Devant les panneaux, ou derrière, à côté, nous « ratons » ce rendez-vous déjà contourné par l’artiste. Non sans gravité, Carlos Kusnir m’a expliqué qu’il souhaitait avant tout franchir cette distance si singulière entre l’œuvre et le spectacle, celui qui va la regarder, en tout premier lieu lui-même. Mais il pratique aussi l’évitement, ce qui l’empêche de désigner une place trop définitive à l’art et à l’artiste ; libre à nous d’en apprécier les différents niveaux, et d’y spéculer, que nous les considérions comme de véritables tranches de peinture, comme des jeux de signes et de sens, comme des grincements ou comme des espaces ouverts, qui correspondent à la « res publica ». Carlos Kusnir récupère in extremis la dissolution avec laquelle il a manœuvré.

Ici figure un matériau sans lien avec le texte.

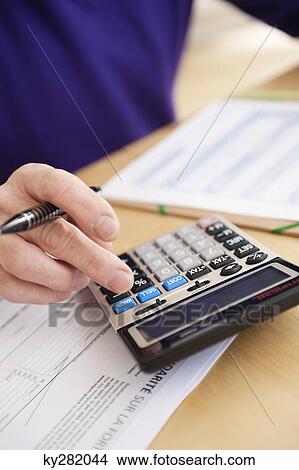 Man using calculator and filling his tax form View Large Photo Image Picture - Man using calculator and filling his tax form. Fotosearch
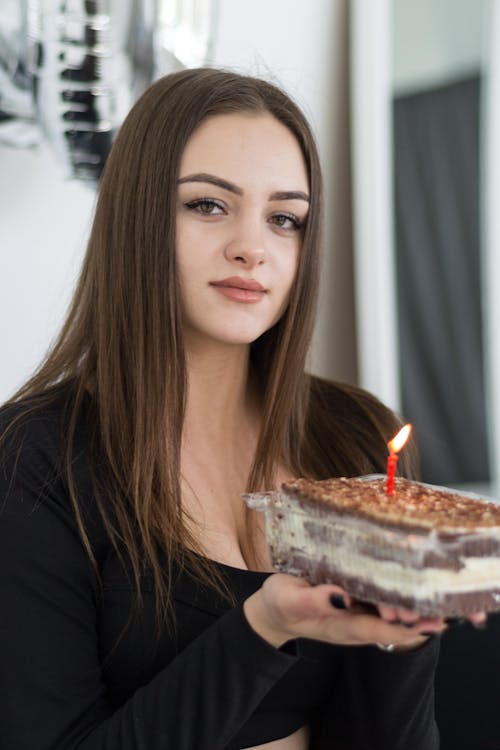 Free Young Brunette Holding a Small Birthday Cake  Stock Photo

Impossible face à cette peinture, malgré les quelques repères familiers qu’elle nous concède, de nous installer dans un hiératisme. À nous voir brinquebalants grâce à cette précision ultime du dégueulando, et des formes parfaites et cois qui l’accompagnent, nous jurerions que nous y sommes déjà allés. Mais où au juste?